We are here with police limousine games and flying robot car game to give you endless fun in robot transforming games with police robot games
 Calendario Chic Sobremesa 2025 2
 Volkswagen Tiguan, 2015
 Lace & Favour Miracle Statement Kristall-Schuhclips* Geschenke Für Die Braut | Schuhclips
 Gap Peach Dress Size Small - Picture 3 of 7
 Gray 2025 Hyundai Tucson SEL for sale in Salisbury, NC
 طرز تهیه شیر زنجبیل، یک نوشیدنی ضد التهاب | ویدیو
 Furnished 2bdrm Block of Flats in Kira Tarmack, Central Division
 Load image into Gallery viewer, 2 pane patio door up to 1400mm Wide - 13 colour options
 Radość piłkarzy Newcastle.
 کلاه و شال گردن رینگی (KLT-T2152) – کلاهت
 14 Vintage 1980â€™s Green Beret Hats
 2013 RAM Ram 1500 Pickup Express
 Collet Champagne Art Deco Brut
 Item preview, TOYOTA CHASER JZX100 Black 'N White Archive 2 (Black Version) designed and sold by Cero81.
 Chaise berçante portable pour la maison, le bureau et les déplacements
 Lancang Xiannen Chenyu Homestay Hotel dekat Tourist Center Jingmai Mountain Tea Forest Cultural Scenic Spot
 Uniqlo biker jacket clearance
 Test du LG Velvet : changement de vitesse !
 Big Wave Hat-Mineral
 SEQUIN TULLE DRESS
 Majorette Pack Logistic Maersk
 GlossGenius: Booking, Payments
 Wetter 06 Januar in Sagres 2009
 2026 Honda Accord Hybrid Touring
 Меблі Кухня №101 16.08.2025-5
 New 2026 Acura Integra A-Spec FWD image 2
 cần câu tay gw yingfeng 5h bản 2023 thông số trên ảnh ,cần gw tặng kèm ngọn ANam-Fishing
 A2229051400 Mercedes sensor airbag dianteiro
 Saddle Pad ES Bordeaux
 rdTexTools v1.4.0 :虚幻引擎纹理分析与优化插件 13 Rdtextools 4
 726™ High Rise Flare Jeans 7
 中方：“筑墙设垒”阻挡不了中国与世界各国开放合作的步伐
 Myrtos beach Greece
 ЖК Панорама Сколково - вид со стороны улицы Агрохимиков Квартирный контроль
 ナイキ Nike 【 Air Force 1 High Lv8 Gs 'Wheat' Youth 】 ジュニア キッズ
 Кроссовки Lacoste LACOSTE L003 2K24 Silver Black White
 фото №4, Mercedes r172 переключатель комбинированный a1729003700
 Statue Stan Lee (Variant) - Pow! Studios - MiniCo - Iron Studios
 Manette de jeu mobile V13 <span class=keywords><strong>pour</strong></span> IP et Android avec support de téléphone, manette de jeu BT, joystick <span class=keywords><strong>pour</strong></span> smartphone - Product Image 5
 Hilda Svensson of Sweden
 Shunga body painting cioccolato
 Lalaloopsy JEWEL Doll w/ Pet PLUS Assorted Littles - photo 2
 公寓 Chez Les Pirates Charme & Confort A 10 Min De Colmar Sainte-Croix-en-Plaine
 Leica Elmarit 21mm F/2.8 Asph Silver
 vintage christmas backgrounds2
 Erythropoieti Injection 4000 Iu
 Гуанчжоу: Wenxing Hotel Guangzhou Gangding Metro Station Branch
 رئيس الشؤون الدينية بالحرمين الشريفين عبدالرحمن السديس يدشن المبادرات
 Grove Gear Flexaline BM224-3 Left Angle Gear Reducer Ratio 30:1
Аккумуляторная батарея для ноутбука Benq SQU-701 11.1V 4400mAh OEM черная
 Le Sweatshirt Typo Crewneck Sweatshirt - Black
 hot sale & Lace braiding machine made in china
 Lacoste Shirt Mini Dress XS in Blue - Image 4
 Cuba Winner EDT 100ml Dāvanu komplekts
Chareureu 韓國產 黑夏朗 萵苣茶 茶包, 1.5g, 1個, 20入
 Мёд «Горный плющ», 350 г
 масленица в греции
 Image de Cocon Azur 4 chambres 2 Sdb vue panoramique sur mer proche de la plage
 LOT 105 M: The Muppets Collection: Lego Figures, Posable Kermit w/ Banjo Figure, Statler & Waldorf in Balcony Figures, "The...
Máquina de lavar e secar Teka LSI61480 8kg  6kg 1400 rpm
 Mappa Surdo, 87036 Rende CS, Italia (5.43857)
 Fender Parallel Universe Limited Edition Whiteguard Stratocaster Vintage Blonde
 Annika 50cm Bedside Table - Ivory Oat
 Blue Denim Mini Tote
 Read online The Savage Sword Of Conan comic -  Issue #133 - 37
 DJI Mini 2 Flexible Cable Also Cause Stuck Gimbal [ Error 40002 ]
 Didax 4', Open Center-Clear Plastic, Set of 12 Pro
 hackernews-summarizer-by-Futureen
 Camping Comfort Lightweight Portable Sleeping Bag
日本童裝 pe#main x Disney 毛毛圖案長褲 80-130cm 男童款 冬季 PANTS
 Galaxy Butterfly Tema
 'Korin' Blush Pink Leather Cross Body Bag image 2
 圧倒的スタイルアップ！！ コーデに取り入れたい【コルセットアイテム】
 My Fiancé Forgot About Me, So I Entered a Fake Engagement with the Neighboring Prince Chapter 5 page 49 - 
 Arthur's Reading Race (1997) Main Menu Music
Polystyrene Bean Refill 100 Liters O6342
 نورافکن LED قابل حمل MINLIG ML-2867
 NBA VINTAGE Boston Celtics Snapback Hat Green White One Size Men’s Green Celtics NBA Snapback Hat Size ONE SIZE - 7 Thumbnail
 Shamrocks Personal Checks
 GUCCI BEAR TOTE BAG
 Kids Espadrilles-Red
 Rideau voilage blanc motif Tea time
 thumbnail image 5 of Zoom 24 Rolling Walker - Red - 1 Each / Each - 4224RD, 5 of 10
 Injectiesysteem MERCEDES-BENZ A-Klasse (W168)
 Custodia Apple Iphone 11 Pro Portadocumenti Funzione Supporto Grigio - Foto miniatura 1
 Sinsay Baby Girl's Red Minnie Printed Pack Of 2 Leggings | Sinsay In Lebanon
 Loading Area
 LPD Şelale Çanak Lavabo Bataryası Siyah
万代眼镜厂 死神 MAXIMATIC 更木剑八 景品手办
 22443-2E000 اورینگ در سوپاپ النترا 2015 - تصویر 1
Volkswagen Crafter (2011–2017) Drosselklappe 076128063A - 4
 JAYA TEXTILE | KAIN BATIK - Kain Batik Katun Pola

---+---

Which of the lines in the material above contain "sale"? Copy each one out.

Finished task →
 Gray 2025 Hyundai Tucson SEL for sale in Salisbury, NC
 hot sale & Lace braiding machine made in china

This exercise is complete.